Alternatively, to prevent halos and glare, it is important to eliminate the underlying causes. While cataracts cannot always be prevented, a few other eye issues can be avoided by maintaining good eye health, through:


  • Reducing exposure to harmful UV rays
  • Maintaining healthy blood sugar levels
  • Eating a healthy diet, inclusive of green leafy vegetables, and Vitamin C, Vitamin A, etc.
  • Maintaining a healthy body weight
  • Avoiding alcohol and tobacco


Moreover, regular eye examinations can help minimise the risk of eye disorders, which are a prime cause of halos and glare. 

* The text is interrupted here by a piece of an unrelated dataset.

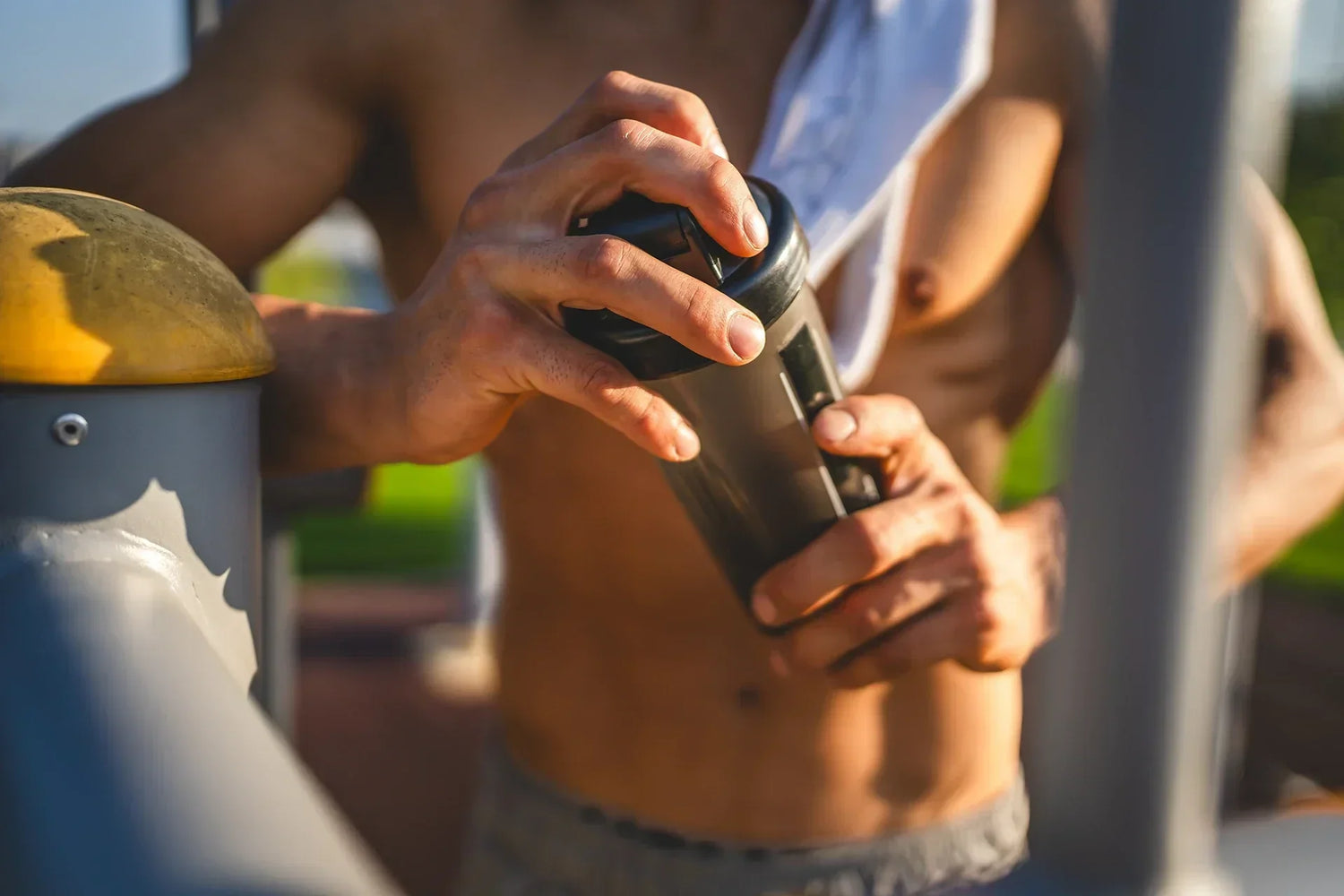 Athletic Male Holding Protein Shaker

Should you visit an optician?

Yes, a person witnessing halos and glare, and resultant vision impairment should visit an optician to get the corrective glasses. Moreover, regular eye examinations can help prevent several eye disorders, which are a major cause of halos and glare. These check-ups help to detect eye issues in the earlier stages. And then help take corrective actions to ensure they do not result in eye vision problems, such as halos and glare. 


Are halos normal?

Generally, halos are the normal response of eyes towards bright lights. However, in some cases, they can occur because of an underlying eye issue, such as cataract, glaucoma, dry eyes, Keratoconus, Photokeratitis, etc. 

For people that experience halos and glare, along with other symptoms, such as pain, blurry vision, eye strain, and headache, it is important to get effective eye care as soon as possible.


How are halos formed?

Halos are formed when the light entering the eye diffracts or bends, rather than falling right on the eye surface. This hinders vision of the person, especially when exposed to bright and night lights. 


Can dry eyes cause rainbow halos?


Yes, dry eyes can cause rainbow halos because they affect the front surface of the eyes and make it irregular. This, in turn, scatters the light, resulting in the formation of rainbow halos, especially at night.